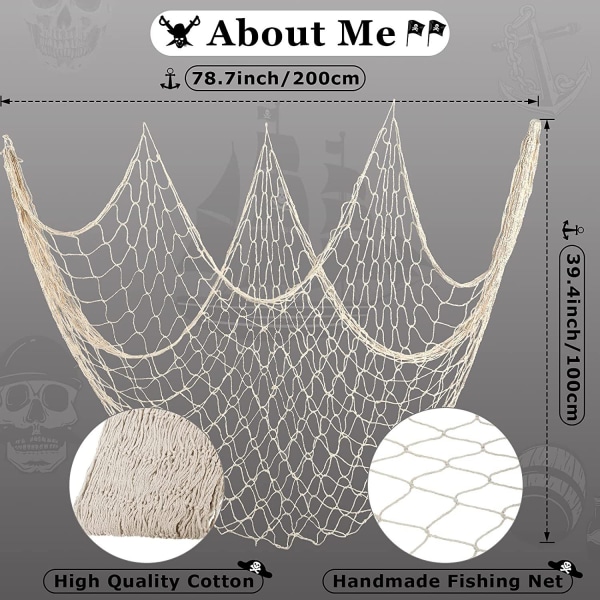 1pcs 1*2m Fishing Net Decoration Mermaid Underwater Party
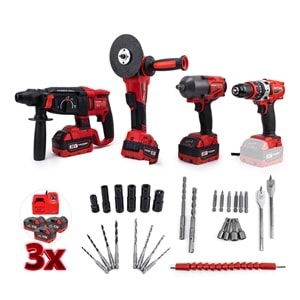 DÖRTLÜ SET MW600R (13mm Ç.Mandren+S.Sıkma+Ş.Spral+Ş.Hilti)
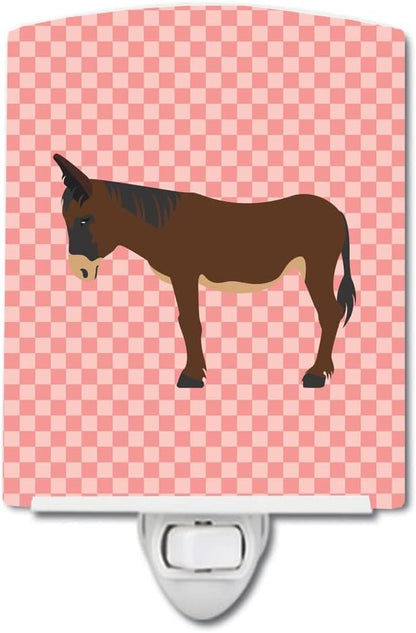 Caroline's Treasures BB7853CNL Zamorano-Leones Donkey Pink Check Ceramic Night Light Compact, UL-Certified, Ideal for Bedroom, Bathroom, Nursery, Hallway, Kitchen, 6x4x3, Multicolor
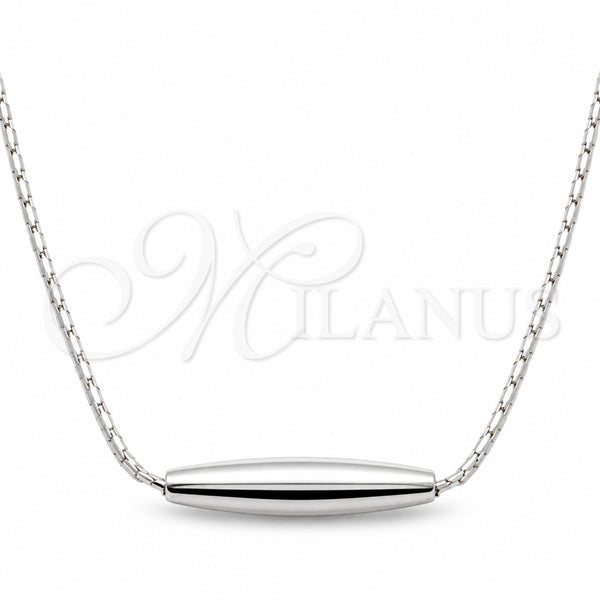Sterling Silver Pendant Necklace, Chunky Design, Polished, Silver Finish, 04.401.0027.18 (01 MM Thickness, 18 Inches Length)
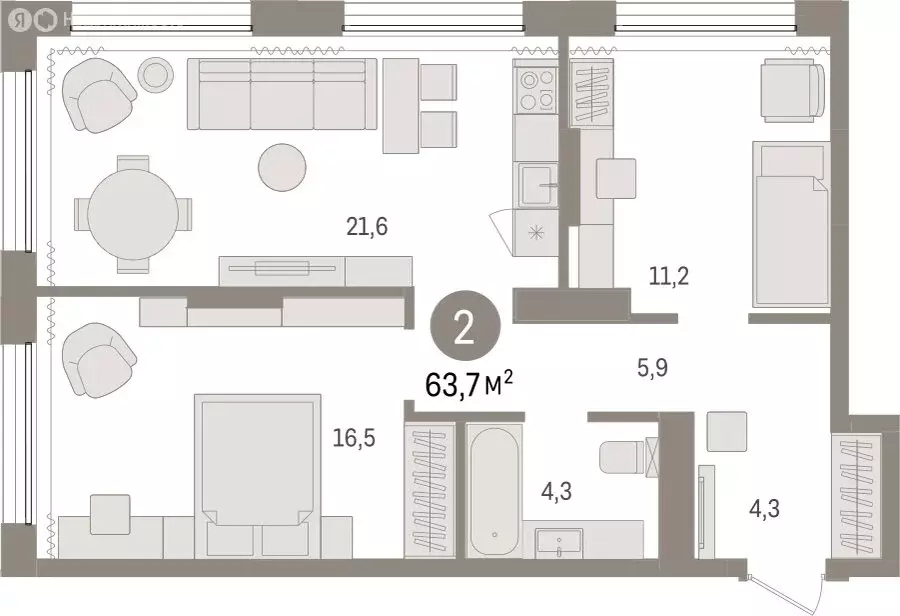 2-комнатная квартира: Тюмень, Краснооктябрьская улица, 4к3 (63.68 м) - Фото 1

○ ○ ○ ○

- [Problem details]
Go through the material and set it down again exactly, but without any pictures.

- [Written solution]
 1pcs 1*2m Fishing Net Decoration Mermaid Underwater Party
 DÖRTLÜ SET MW600R (13mm Ç.Mandren+S.Sıkma+Ş.Spral+Ş.Hilti)
 Caroline's Treasures BB7853CNL Zamorano-Leones Donkey Pink Check Ceramic Night Light Compact, UL-Certified, Ideal for Bedroom, Bathroom, Nursery, Hallway, Kitchen, 6x4x3, Multicolor
Sterling Silver Pendant Necklace, Chunky Design, Polished, Silver Finish, 04.401.0027.18 (01 MM Thickness, 18 Inches Length)
 2-комнатная квартира: Тюмень, Краснооктябрьская улица, 4к3 (63.68 м) - Фото 1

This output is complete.